◆ **YOUR INSTRUCTIONS**: Return all the data verbatim but without images.

◆ **GIVEN DATA**:
:::::

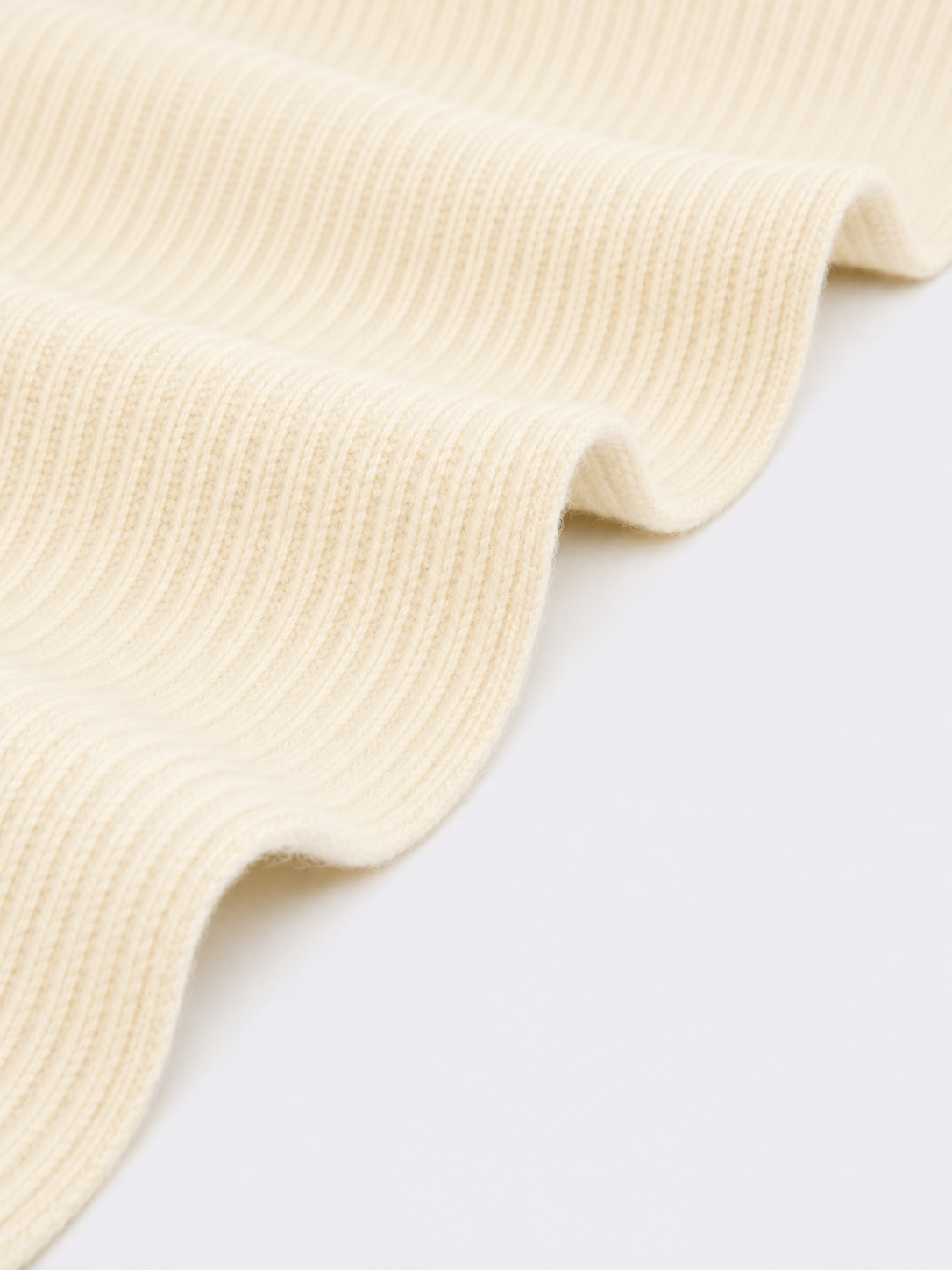 Tecnico Cashmere Scarf Ivory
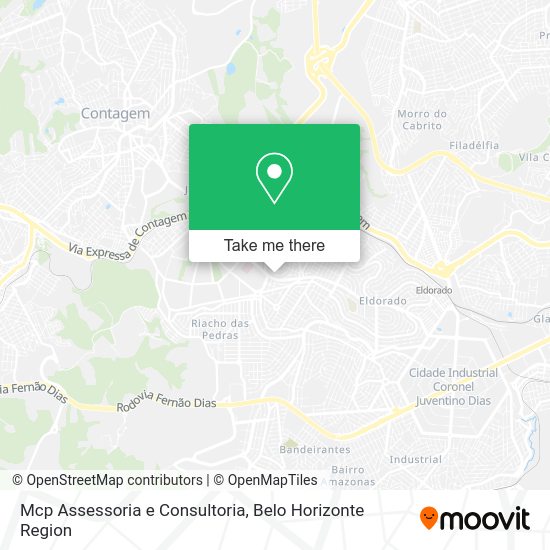 Mcp Assessoria e Consultoria map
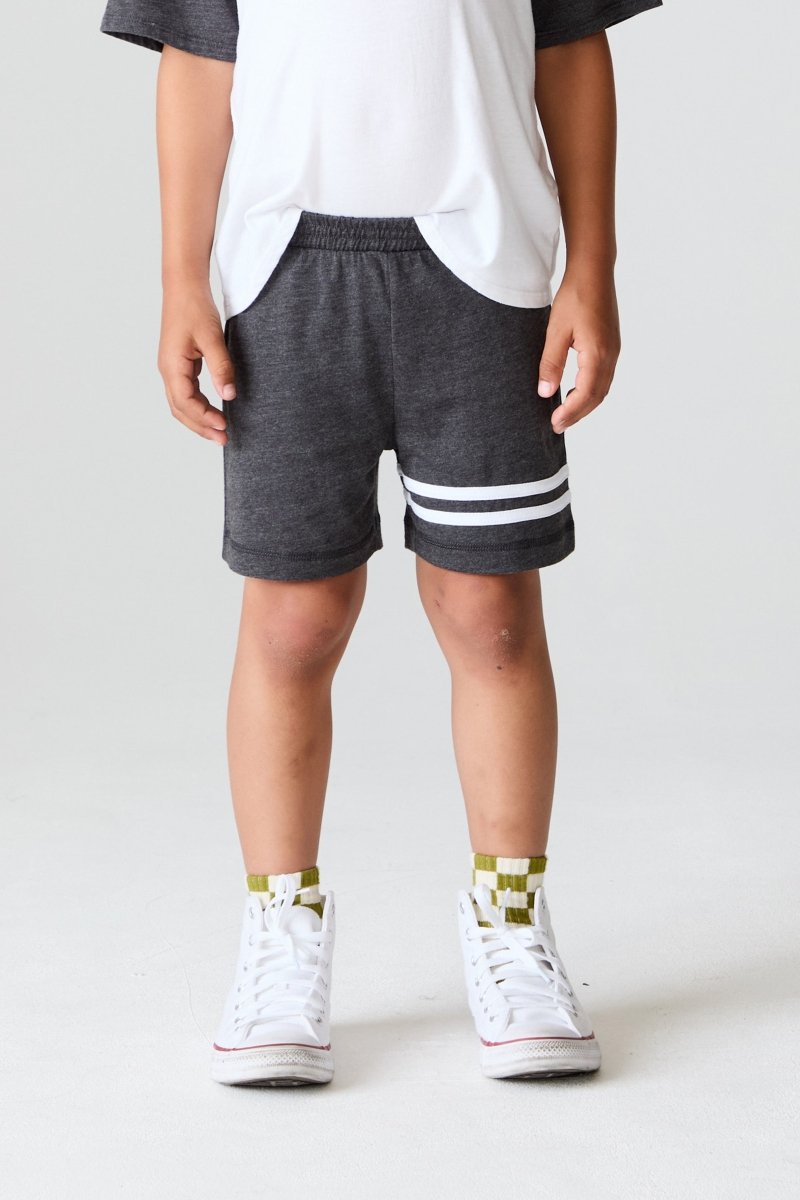STRIPE SHORTS (PREORDER) - CHASER KIDS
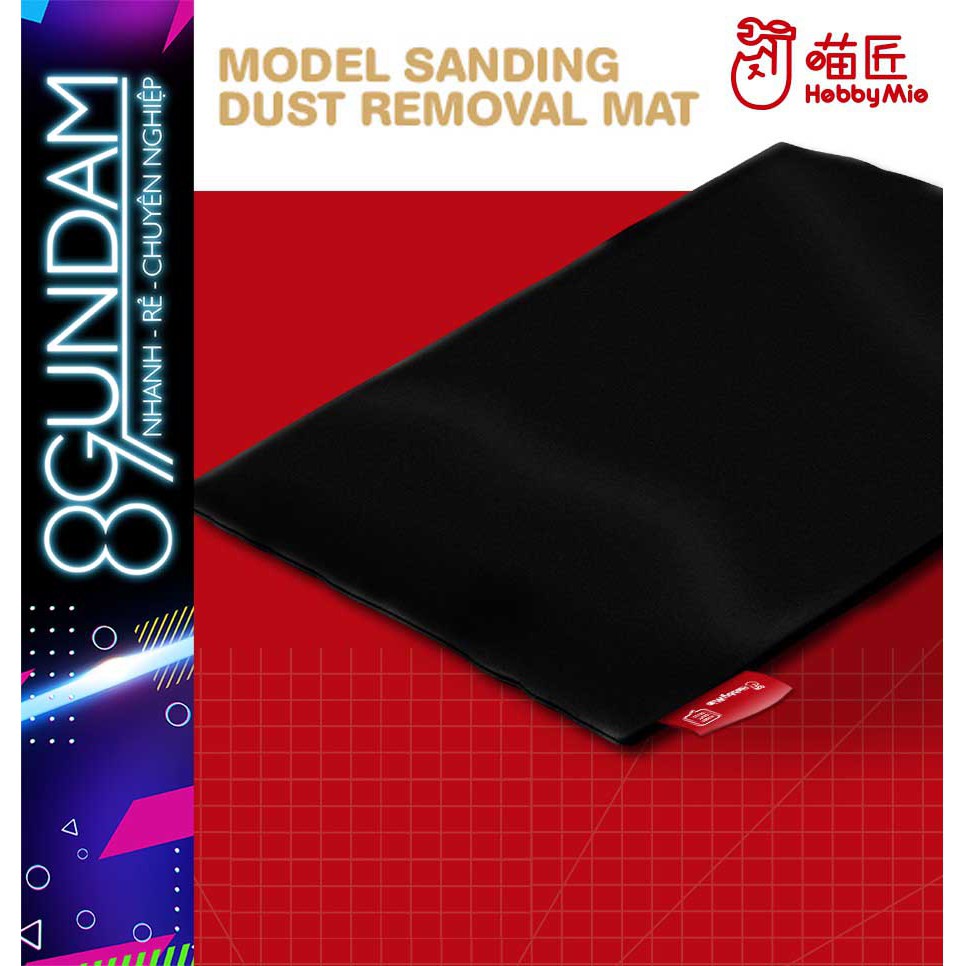 Khăn tĩnh điện lau bụi Hobby Mio dùng trong mô hình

:::::

◆ **ANSWER AREA**:
 Tecnico Cashmere Scarf Ivory
 Mcp Assessoria e Consultoria map
STRIPE SHORTS (PREORDER) - CHASER KIDS
 Khăn tĩnh điện lau bụi Hobby Mio dùng trong mô hình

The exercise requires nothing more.